EXTRACTED MATERIAL START

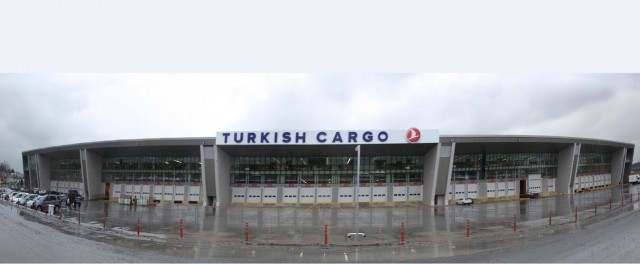Türkiye’nin en büyük hava kargo terminali açıldı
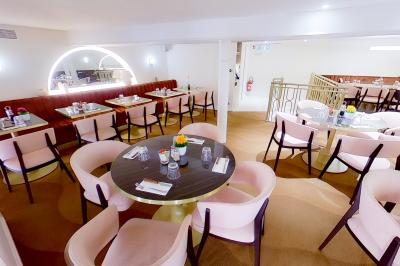 Tartelette garnie de fraises fraîches disposées en rosace sur une crème blanche, avec un fond saupoudré de sucre.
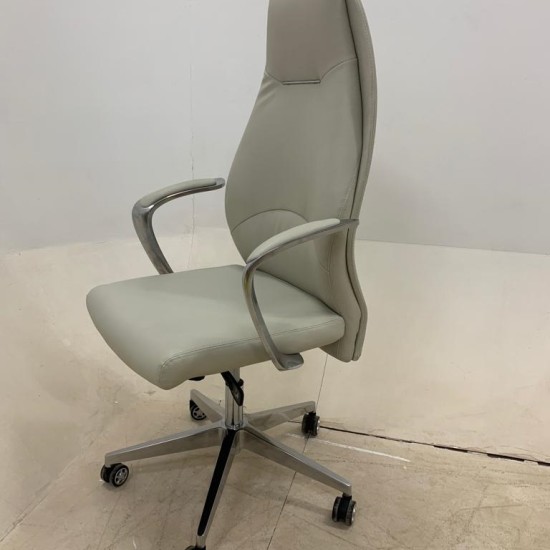 كرسي مدير جلد أبيض بتصميم أنيق وعصري
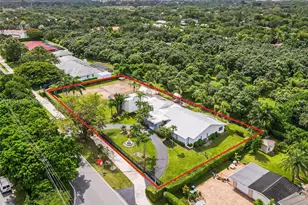 6900 SW 136th St, Palmetto Bay, FL 33156 - Photo 3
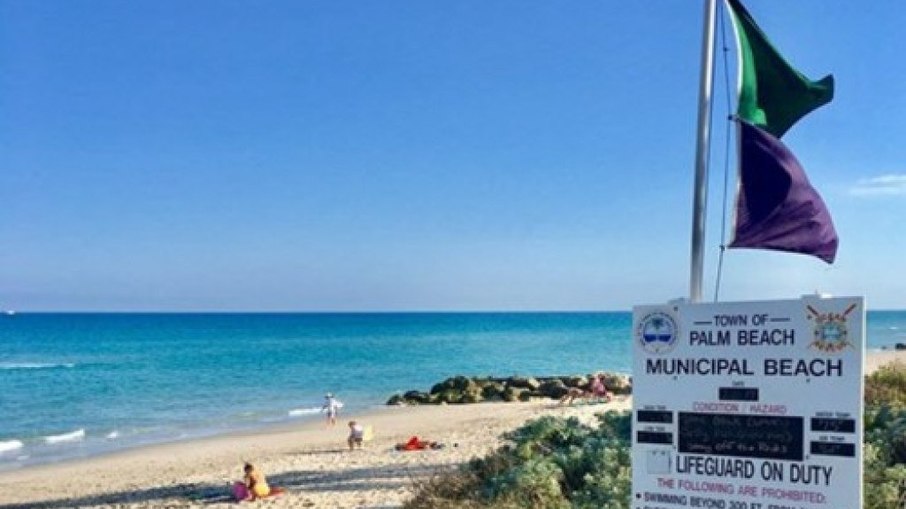 O aviso da placa vale para a Municipal Beach e o Parque Dubois, em Júpiter, mas autoridades recomendam cautela também em outras praias da região O aviso da placa vale para a Municipal Beach e o Parque Dubois, em Júpiter, mas autoridades recomendam cautela também em outras praias da região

EXTRACTED MATERIAL END

> ABOUT THIS EXERCISE:
Every record above should be set down exactly, with the pictures left out.

> TASK SOLUTION:
Türkiye’nin en büyük hava kargo terminali açıldı
 Tartelette garnie de fraises fraîches disposées en rosace sur une crème blanche, avec un fond saupoudré de sucre.
 كرسي مدير جلد أبيض بتصميم أنيق وعصري
 6900 SW 136th St, Palmetto Bay, FL 33156 - Photo 3
 O aviso da placa vale para a Municipal Beach e o Parque Dubois, em Júpiter, mas autoridades recomendam cautela também em outras praias da região O aviso da placa vale para a Municipal Beach e o Parque Dubois, em Júpiter, mas autoridades recomendam cautela também em outras praias da região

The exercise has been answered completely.